Industry Leaders & Economic Experts

  1. Barney Jopson, Financial Times: “Jim McNerney, a former top executive at Boeing, 3M and General Electric, said Mr. Trump's hostility to international trade posed a serious threat to US prosperity…global trade, he said, was ‘a critical part of this country's prosperity and the growth and wellbeing of not only our citizens but citizens around the world.’ Tom Donohue, head of the US Chamber of Commerce called Trump’s proposals ‘sort of stupid.’” (March 22, 2016)
  2. Ben White, Politico: “It seems like economics is not really [Trump’s] highest priority. These are political stances. At a time when U.S. exports are on the decline as a result of the strong dollar, adding the threat of tariffs is going to add another negative impact on U.S. exports.” (January 11, 2016)
  3. Binyamin Appelbaum, New York Times: “‘There’s nobody since Hoover who talked this way about trade.’” (March 10, 2016)
  4. Binyamin Appelbaum, New York Times: “Trade flows make up a small part of America’s economic activity.

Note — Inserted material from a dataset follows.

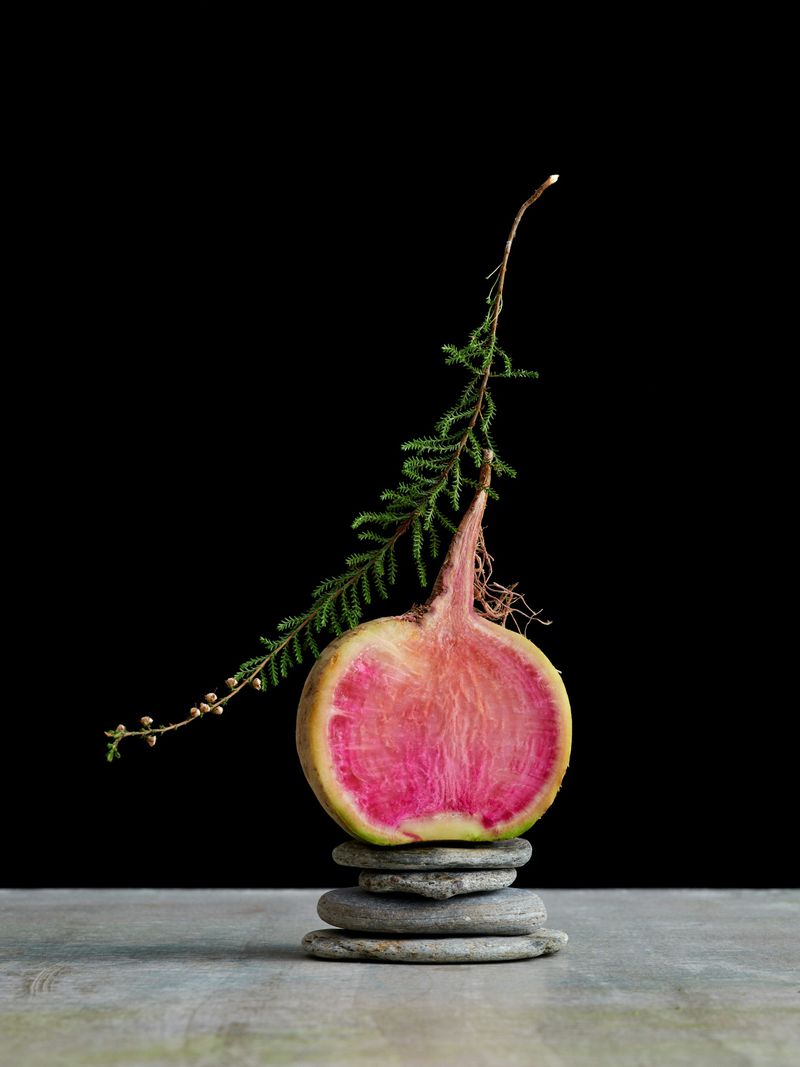 Still life studio shot of a sliced pink turnip balanced on grey rocks, adorned with a green sprig against a dark backdrop.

The primary explanations for the stagnation of middle-class incomes are necessarily domestic. ‘[Trump and Sanders] are following in the footsteps of politicians of all stripes who have found it convenient to blame the boogeyman of unfair trade for domestic economic problems.’” (March 30, 2016)

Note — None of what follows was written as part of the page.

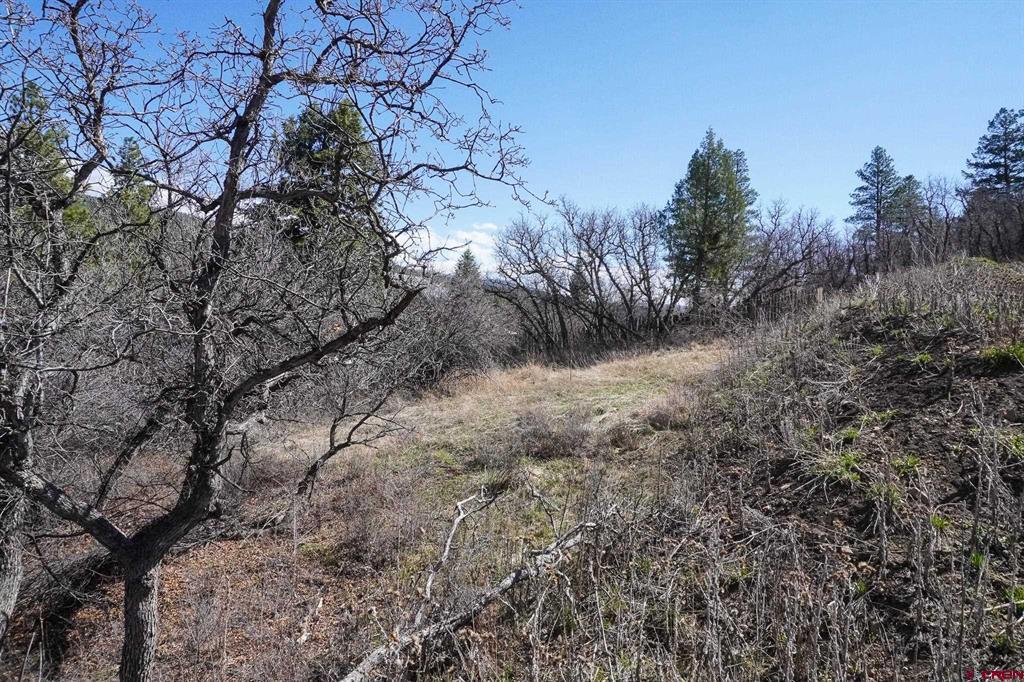 912 Alpine Drive Bayfield CO 81122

  5. Bob Davis, Wall Street Journal: “Trump’s 45% tariff would trigger reverberations around the world…the tariffs would drive down U.S. merchandise imports by $383 billion, but U.S. exports would take a much bigger hit, declining $658 billion…and the trade deficit would increase by about $275 billion. The difficult transition could cost the U.S. even more than the one million jobs are at risk.” (March 24, 2016)
  6. David Lawder and Roberta Rampton, Reuters: “[Trump’s trade plan] would spark financial market turmoil and possibly even a recession…” that would “likely result in a permanent annual reduction in U.S. national income of more than $100 billion, or 0.8 percent.” (March 24, 2016)

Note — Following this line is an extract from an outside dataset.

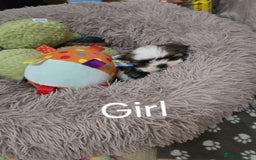 Shih Tzu dogs for sale: Gorgeous full breed Shih Tzu puppies - Image 3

  7. Don Lee, Los Angeles Times: “Slapping high tariffs would be catastrophic for a wide range of American businesses...we would be open to all sorts of retaliation, and that would likely trigger a trade war that would be devastating.” (March 7, 2016)
  8. Economist Intelligence Unit Global Risk Forecasting Service: “In the event of a Trump victory, his hostile attitude to free trade, and alienation of Mexico and China in particular, could escalate rapidly into a trade war.” (March 16, 2016)
  9. Everett Rosenfeld, CNBC: “[Tariffs]…would ‘tremendously’ hurt the poor by jacking up the prices on many of the products they most frequently use.’ ‘So many U.S. companies are deeply involved in global supply chains: I can't even imagine what that would look like with high tariffs’ & ‘the world would definitely fall into a recession.” (March 10, 2016)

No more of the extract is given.